Aim of the exercise - The result should hold only the lines from the one with "Air Jordan 1" through the final line of the data below, transcribed exactly, pictures left out.

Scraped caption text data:
┄┄┄┄┄┄┄┄┄┄

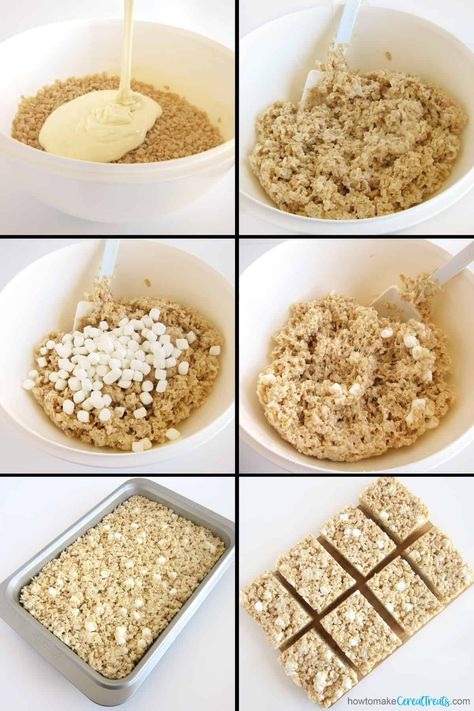 Halal Rice Krispy Treats, Homestyle Rice Krispie Treats, Cereal Treat Recipes, Rice Crispies Recipe, Rice Crispy Bars, Rice Crispy Treats Recipe, Krispie Treats Recipe, Scratch Recipes, Recipetin Eats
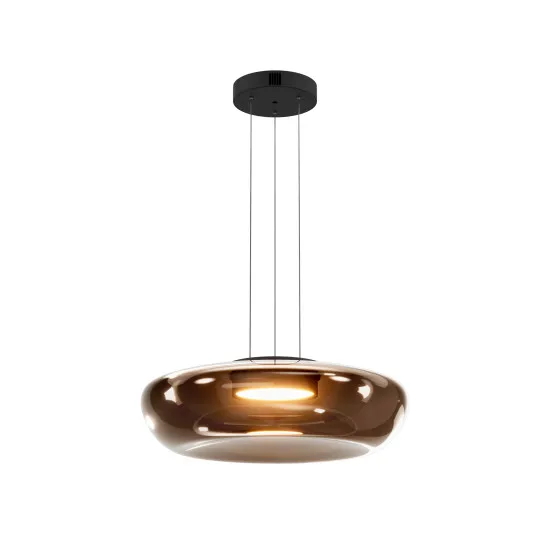 Maytoni Bassa fekete-bronz LED függesztett lámpa (MAY-MOD501PL-L20BK1) LED 1 izzós IP20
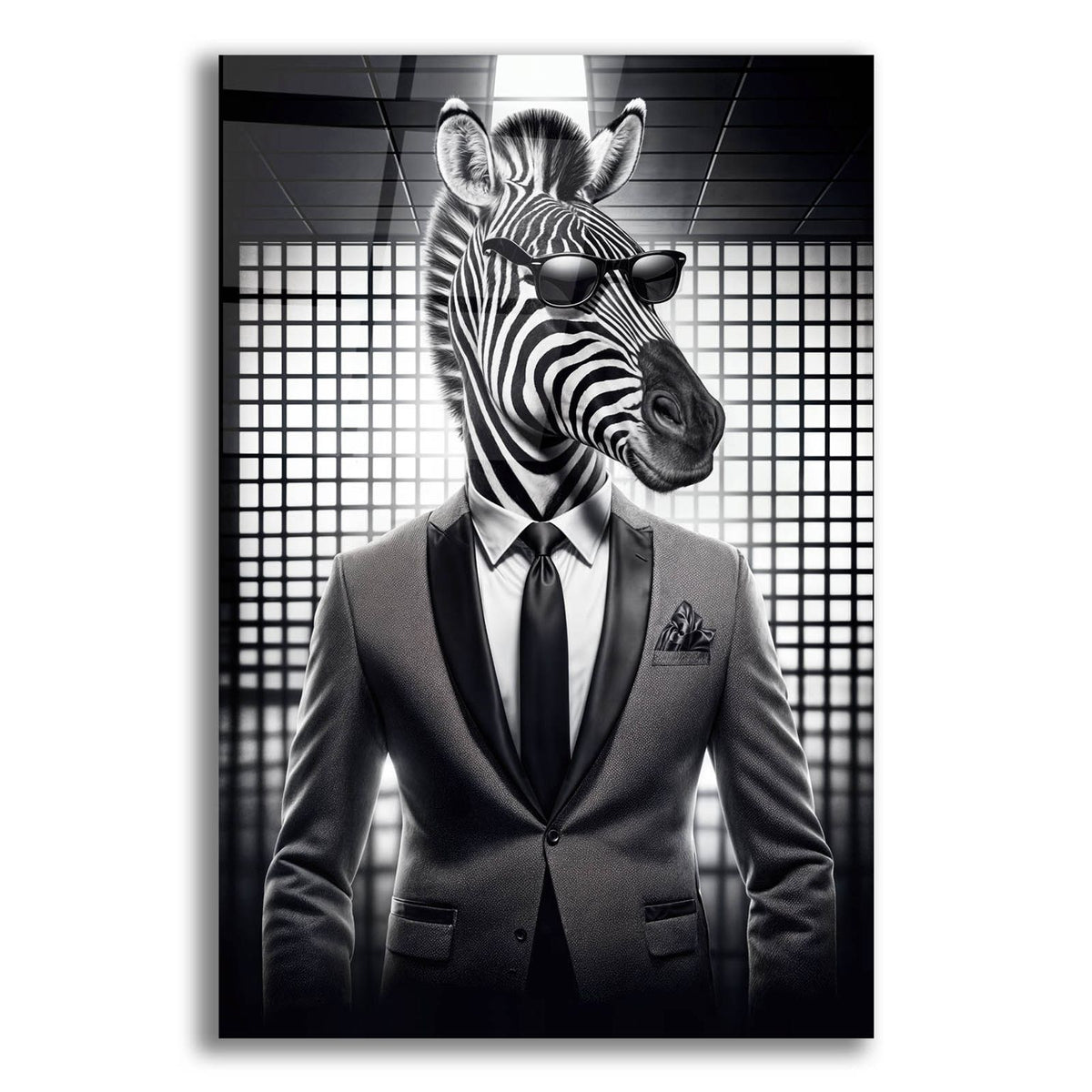 Mr. Zebra by Rey Klimt acrylic glass wall art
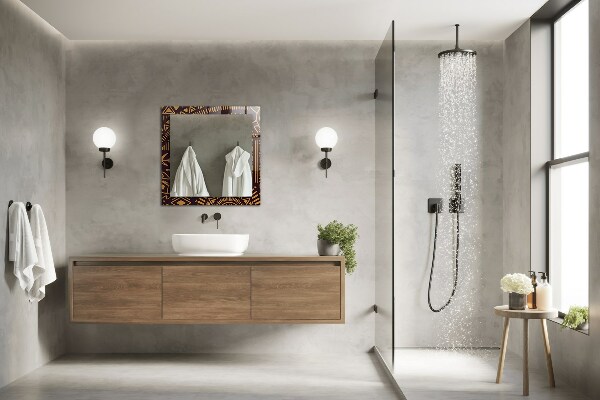 Printed mirror Ethnic motifs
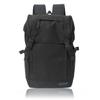 Backpack Large Capacity Many Pockets Flap Front Full Open A4 Storage PC Storage Luminous Black F [Outdoor Products] Men's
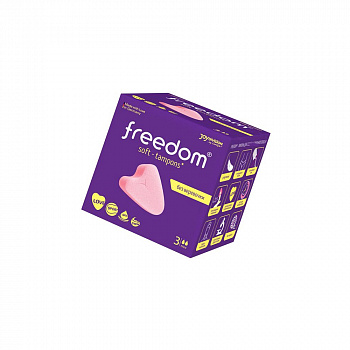 Тампоны женские гигиенические FREEDOM Mini, 3 шт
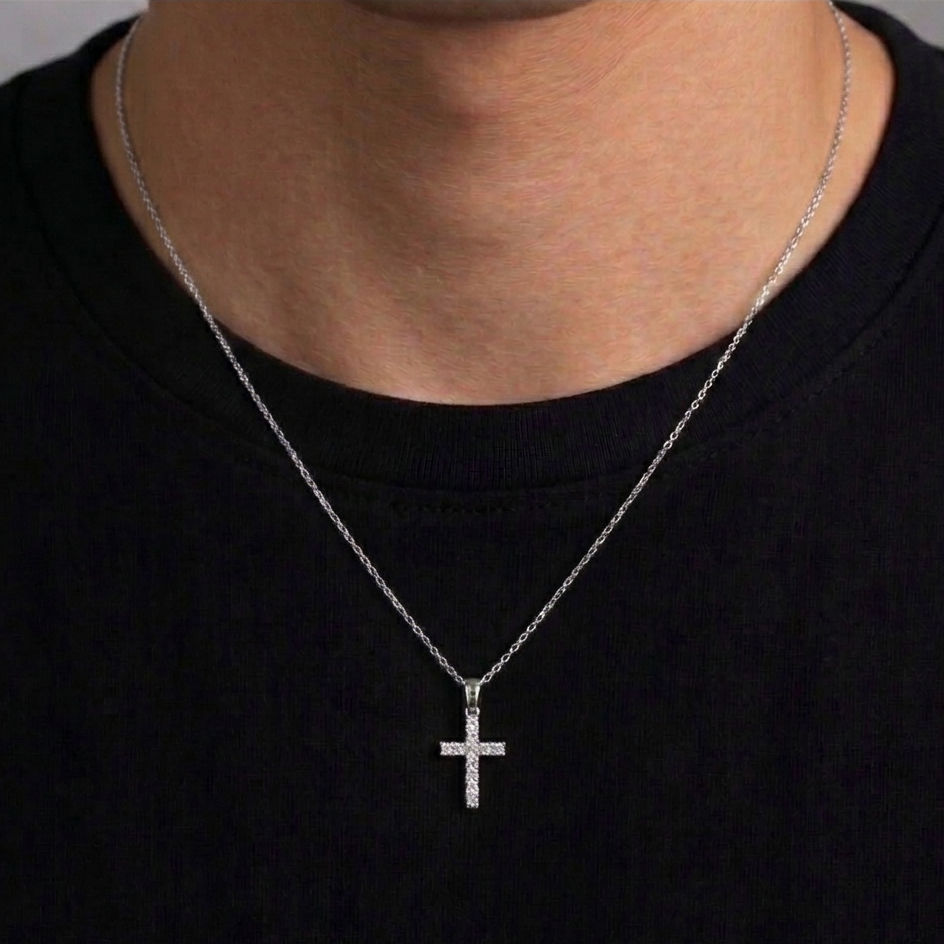 Iced Mini Cross Plata - Gold Dealers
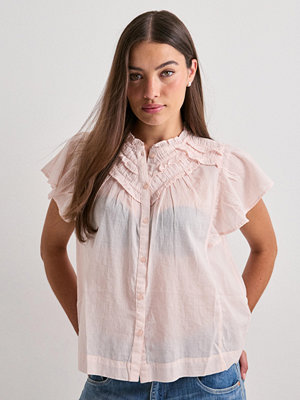 Neo Noir Vinsa S Voile Top - Rosa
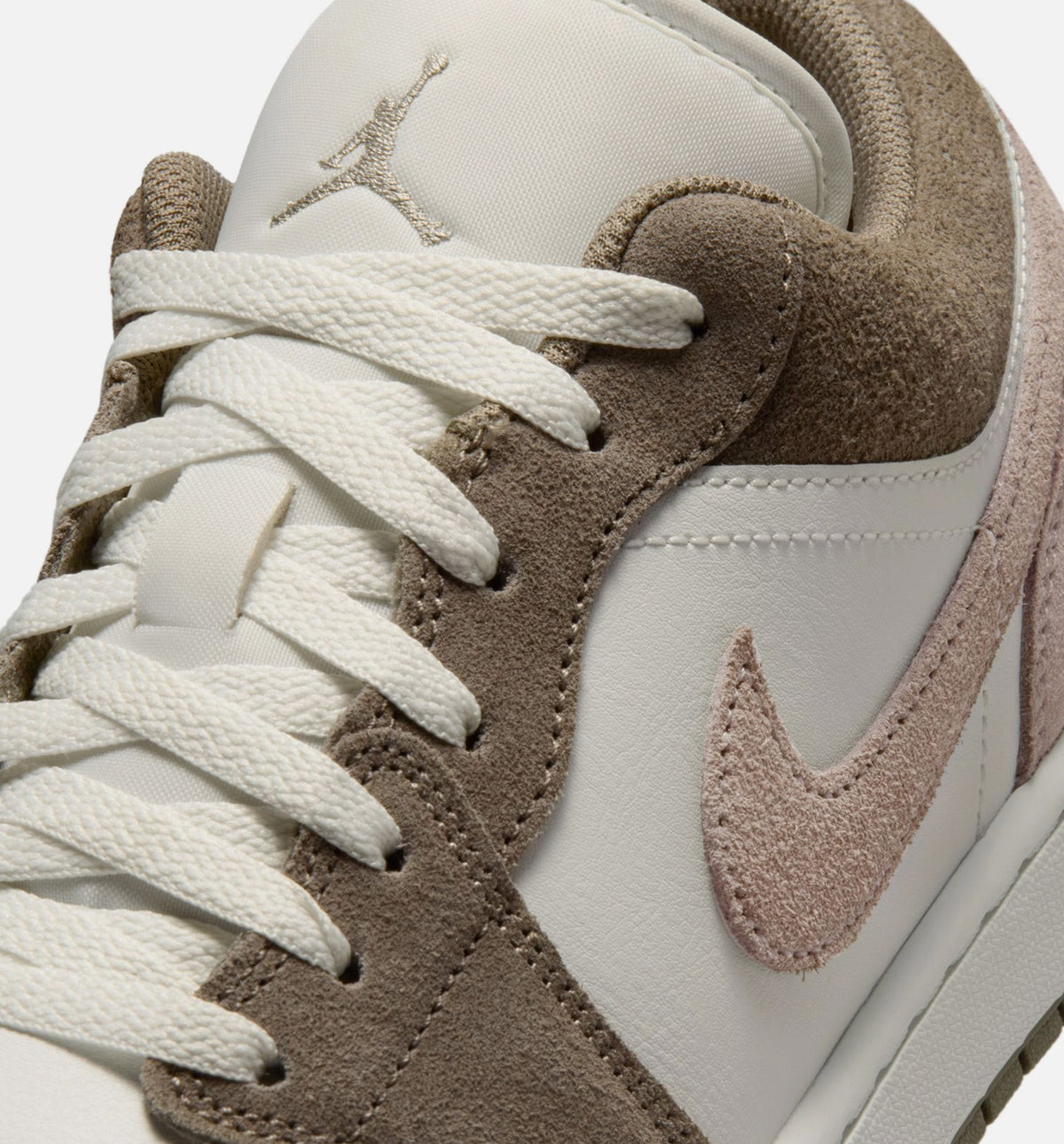 Air Jordan 1 Low Men's Sneakers - Olive Grey / Enigma Stone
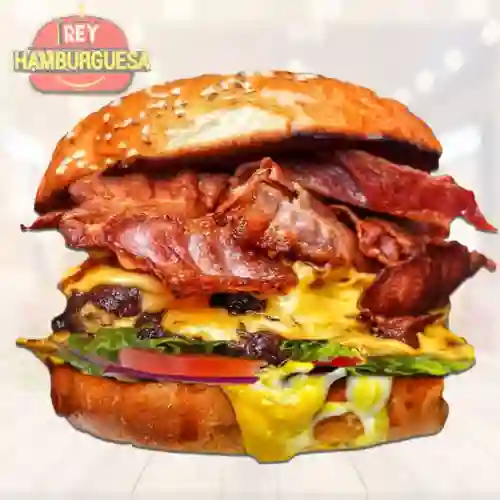Hamburguesa Doble Res Full Tocineta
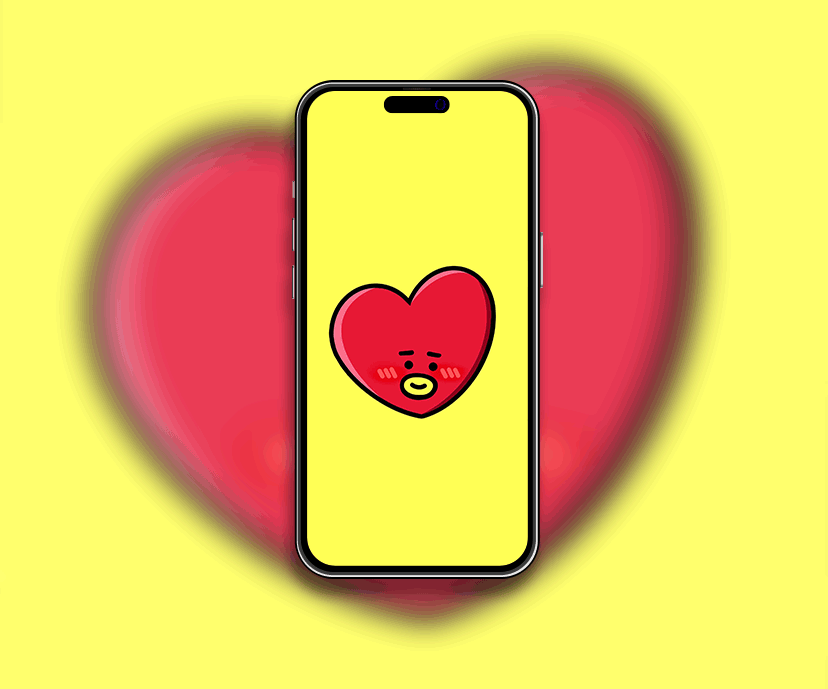 bts bt21 tata head tap to switch wallpapers collection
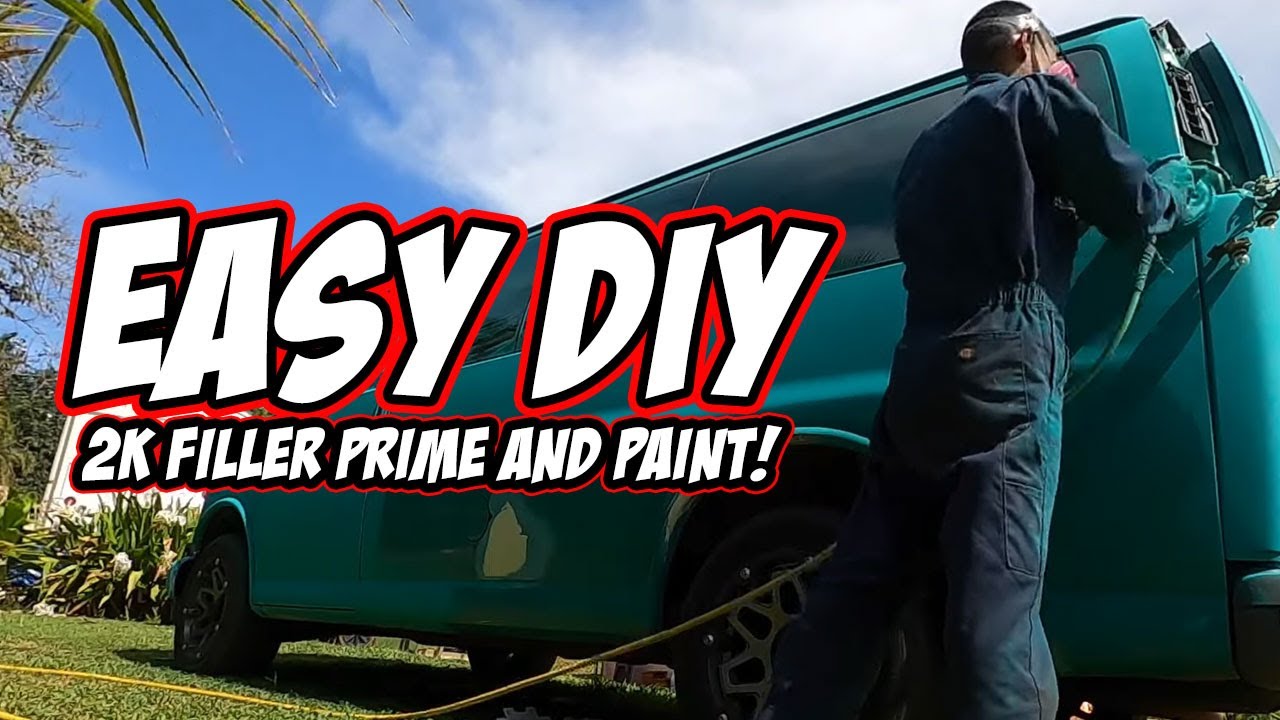 EASY DIY Car Paint Sanding Steps Before You 2k Filler PRIME and PAINT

┄┄┄┄┄┄┄┄┄┄

Answer section -
 Air Jordan 1 Low Men's Sneakers - Olive Grey / Enigma Stone
Hamburguesa Doble Res Full Tocineta
 bts bt21 tata head tap to switch wallpapers collection
 EASY DIY Car Paint Sanding Steps Before You 2k Filler PRIME and PAINT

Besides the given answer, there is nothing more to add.